A la rencontre des nouveaux consommateurs

Dans ce pays de la taille d'un continent, il n'y a pas une, mais plusieurs classes moyennes dont les besoins et les attentes sont très différents.

Visites à domicile de consommateurs, Inde, 2010

Les entreprises multinationales voient dans l'Inde l'un des principaux marchés porteurs de la croissance de demain. Ce pays présente une réelle originalité, non seulement en raison de sa forte population (1,2 milliard d'habitants) en constante augmentation, mais aussi parce que la moitié de cette population a moins de 25 ans1. La croissance du marché grand public indien sera essentiellement tirée par un profil démographique favorable et une hausse du revenu disponible des ménages.

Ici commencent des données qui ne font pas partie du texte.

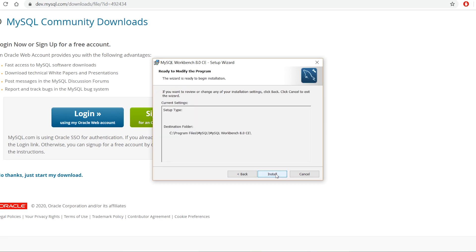I already downloaded and installed MySQL Workbench before. So I skip the rest of the installation.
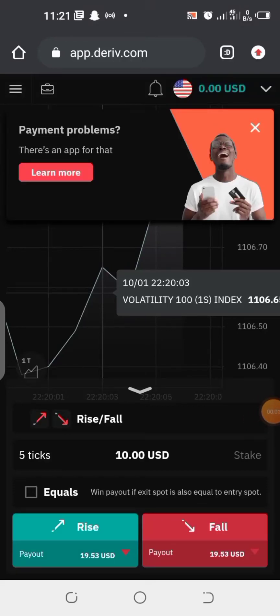Hello guys, welcome to my channel. Today's video I'm going to show you how you can create a derivative synthetic account and add it to your MetaTrader 5 app. Before we start, I would like you to hit the like button and subscribe to my channel. Now let's quickly dive into the topic of the day.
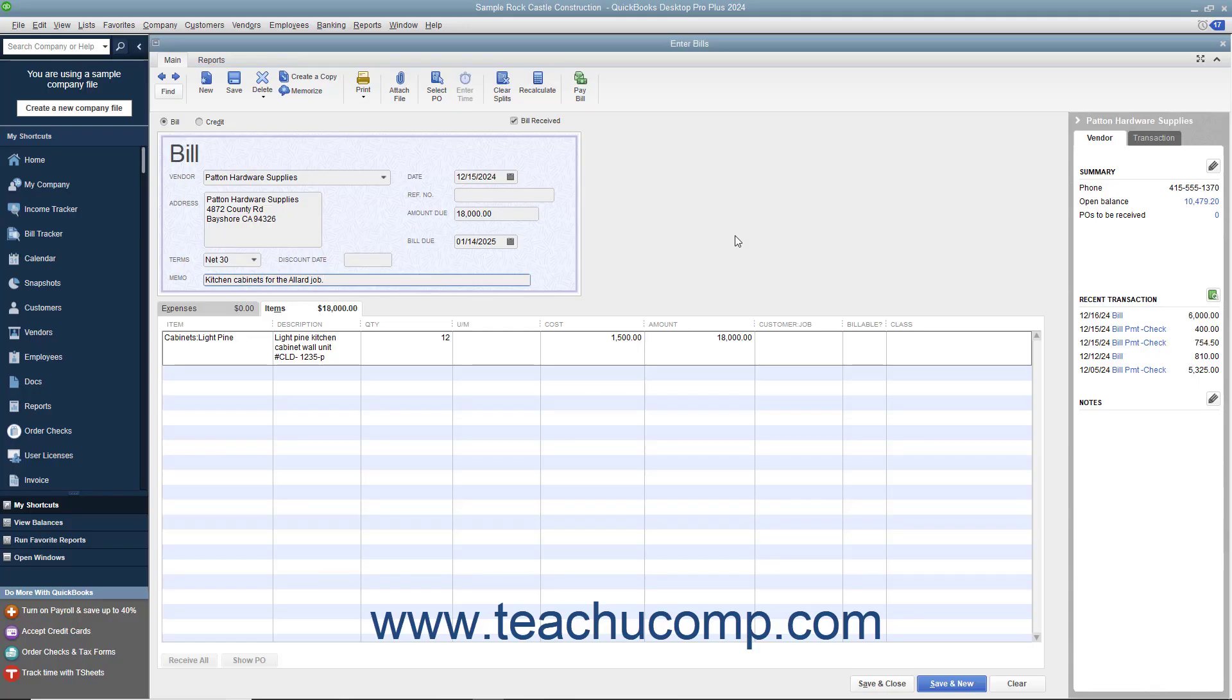You can assign purchases you make to a specific customer or job so you can later bill the customer for those costs. To do this, use the dropdown that appears within the Customer Job column in the line item area within forms, like the Enter Bills window for example,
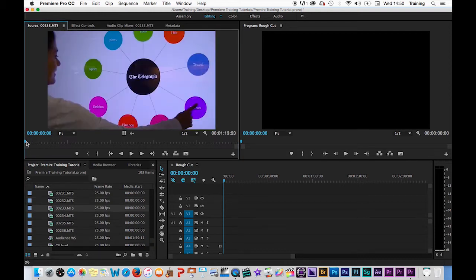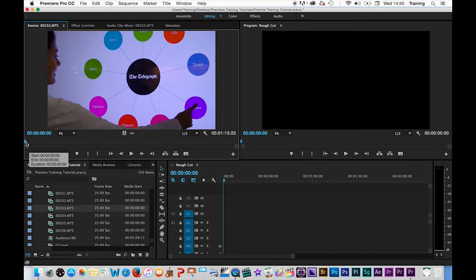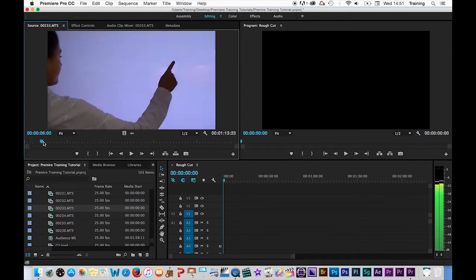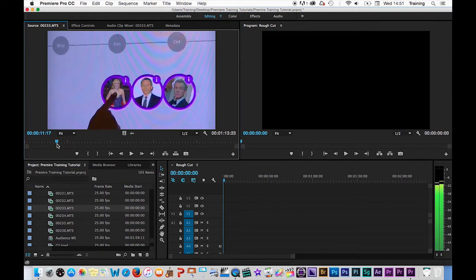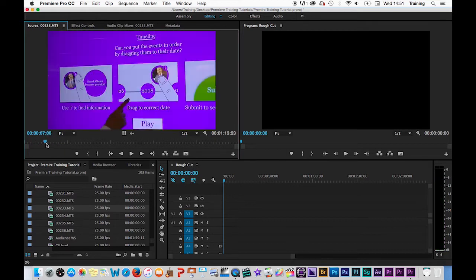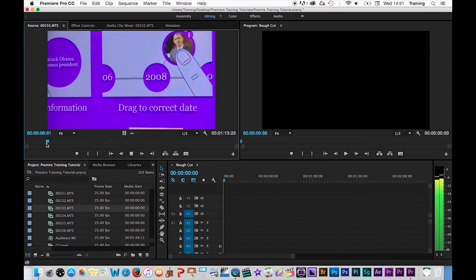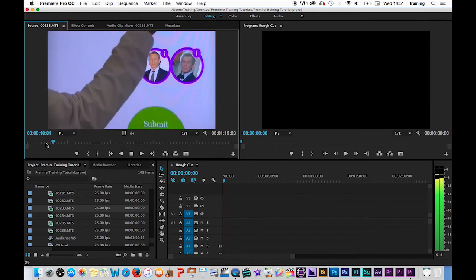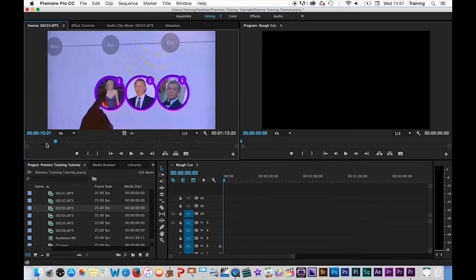You can play through the clip in a number of ways. First of all, you can scrub through the clip by clicking on the blue playhead handle and dragging that through the clip. Secondly, you can play the clip by hitting your space bar on your keyboard to play and then hitting it again to pause.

Les économistes s'accordent à dire que l'énorme classe moyenne indienne constitue un marché plus que prometteur, mais dont la taille est difficile à définir et à évaluer avec précision. En effet, selon les critères que l'on applique, ce marché varie de 100 à 300 millions de personnes2. De surcroît, l'expression « classe moyenne » englobe à la fois les personnes qui ont un revenu suffisant pour satisfaire leurs besoins élémentaires et s'offrir parfois le superflu, et les dizaines de millions d'Indiens dont le patrimoine est comparable à celui de la classe moyenne au sens occidental du terme.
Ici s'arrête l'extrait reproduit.